Pourquoi donc, chaque fois que j’entends cette injonction à nous réinventer, me vient une trouble sensation de flottement hasardeux? Que signifie ce mot? Qu’est-ce que cela peut bien vouloir dire de s’inventer à nouveau? Comment fait-on cela exactement? Le verbe ne convoque pas d’image. L’invention est une chose qui n’existe pas avant que l’inventeur ne la fasse advenir. Quelque chose de nouveau, donc. Se réinventer impliquerait que nous fassions advenir une chose qui n’existe pas encore et dont, forcément, nous n’avons pas idée, ou alors un embryon d’idée, une intuition vague. Le mot nous dit en outre que nous avons déjà fait la chose une fois, et nous laisse entendre que nous pourrions donc la faire une deuxième fois. Mais faire quoi précisément, nommément? Personne ne le dit jamais. Nous devons nous réinventer. Point. Nous restons dans le flou, le brumeux. C’est dangereux la brume. Surtout quand on cherche son chemin parmi des forces en mouvement, souvent hostiles, parfois même cannibales…

La vérité c’est que « réinventer » est le mauvais mot. Et si c’est le mauvais mot, c’est que c’est aussi la mauvaise idée. Ceux qui nous y invitent le savent-ils? La vérité c’est que nous n’avons rien à inventer, et rien non plus à réinventer, parce que nous avons déjà tout : la grande idée, le grand projet, la culture et tous les outils qui vont avec. Non, décidément, le bon mot n’est pas « réinventer ». Le bon mot, s’il en fallait un, ce serait plutôt « réapprendre ». Nous devons apprendre à nouveau ce que c’est vraiment que le socialisme, ce qu’est son essence et son but. Nous devons apprendre à nouveau ce que nous savions déjà, et que nous avons mis sous le boisseau pour ramener notre idéal de transformation à un idéal d’adaptation. Nous devons réapprendre ce qu’avec cette idée, nous pouvons construire comme société plus humaine, plus fraternelle et plus juste. Nous devons renouer avec la grande utopie, celle qui n’est pas une chimère mais une ambition à réaliser. Et cela ne peut se faire qu’en revenant à nos bases, en nous arrachant à ce mouvement centripète mortifère furieusement accéléré par la Macronie. Le centre, l’hypercentre, c’est le point immobile. Nous, nous sommes le mouvement.

Quel est le plus petit dénominateur commun entre tous ceux qui se réclament d’une pensée de gauche?
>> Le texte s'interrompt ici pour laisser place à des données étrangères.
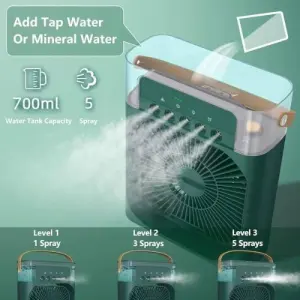 Portable Mini Air Conditioner 700ml – USB Evaporative Cooler with 7-Color LED Light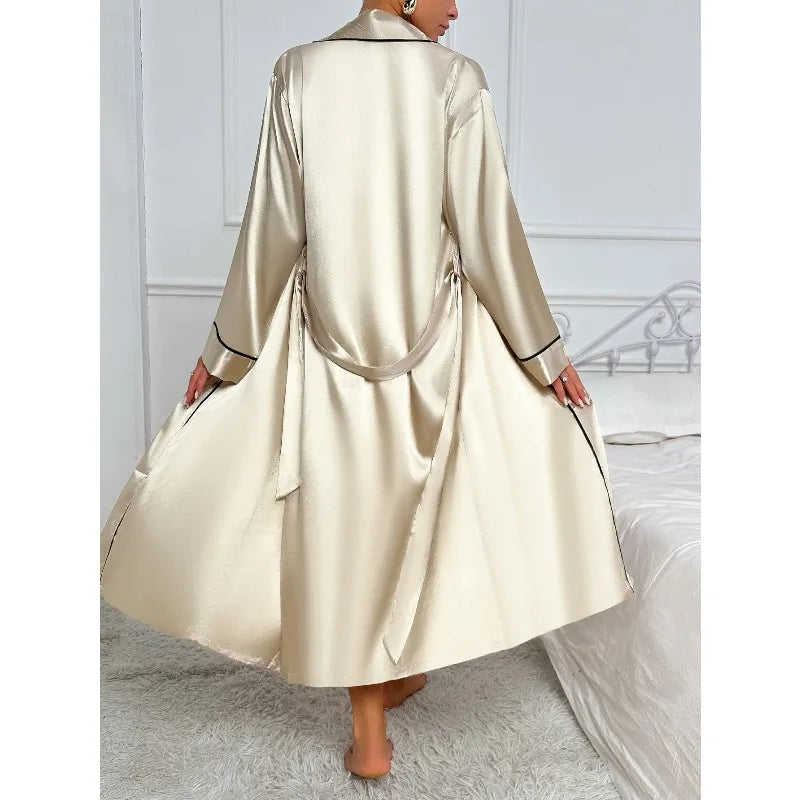 Women's Sexy Fashion 2 Piece Pajama Set  V-Neck Slip Dress with Long Robe Sleepwear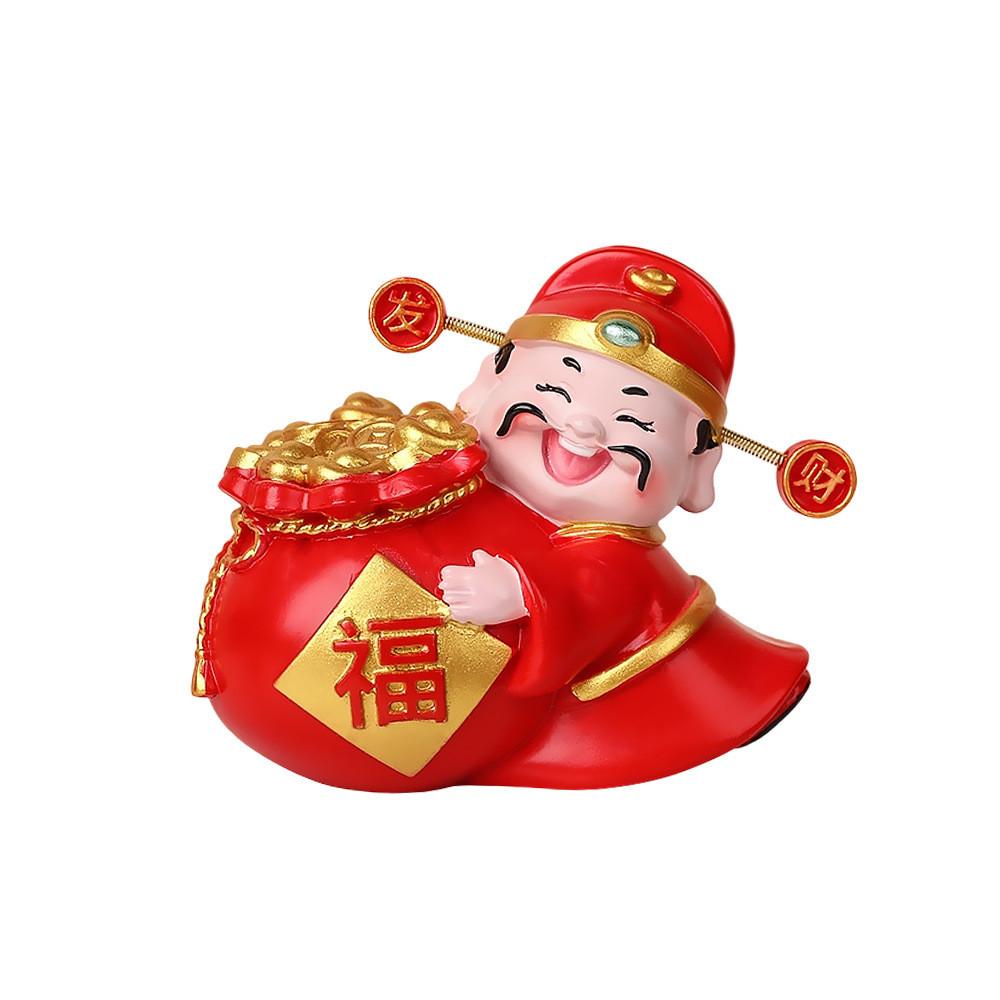Feng Shui Wealth God Resin Decor With Handpainted Craft For Home Or Office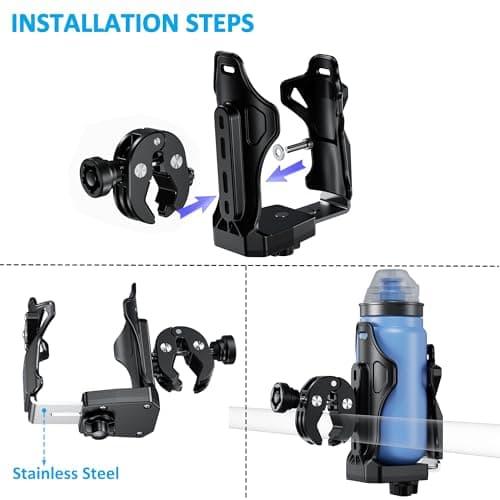 iMESTOU Anti-theft cup holder for motorcycle, water bottle holder for ATV compatible with bottles from 50 to 90 mm, with metal clamp 12.7-33 mm for bicycle, scooter, stroller, etc. — view 3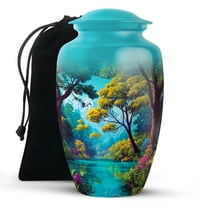 KARYLIZ Mountain Cremation Urns For Human Ashes - Blue Urn For Human Ashes Adult Male - Dad Burial Urns for Women & Men - Large Decorative Urn for Female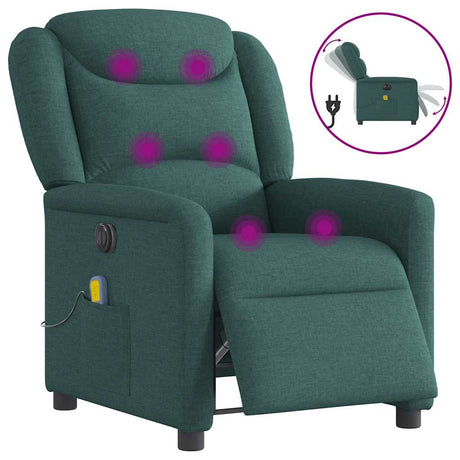 Vidaxl massagestoel elektrisch verstelbaar stof donkergroen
On pourrait parler du partage, du primat de l’intérêt général sur l’intérêt particulier, de l’égalité, de la justice, toutes choses qui ne sont pas le fait d’un ordre naturel des choses ni ne relèvent d’une divine immanence, mais qui sont le fait d’une conscience et d’une volonté très humaines. Les choses que nous devons faire sont finalement plutôt simples. Bien plus simples en tous cas que de s’atteler à la tâche improbable d’une réinvention dont on ne perçoit pas bien les ressorts ni les buts.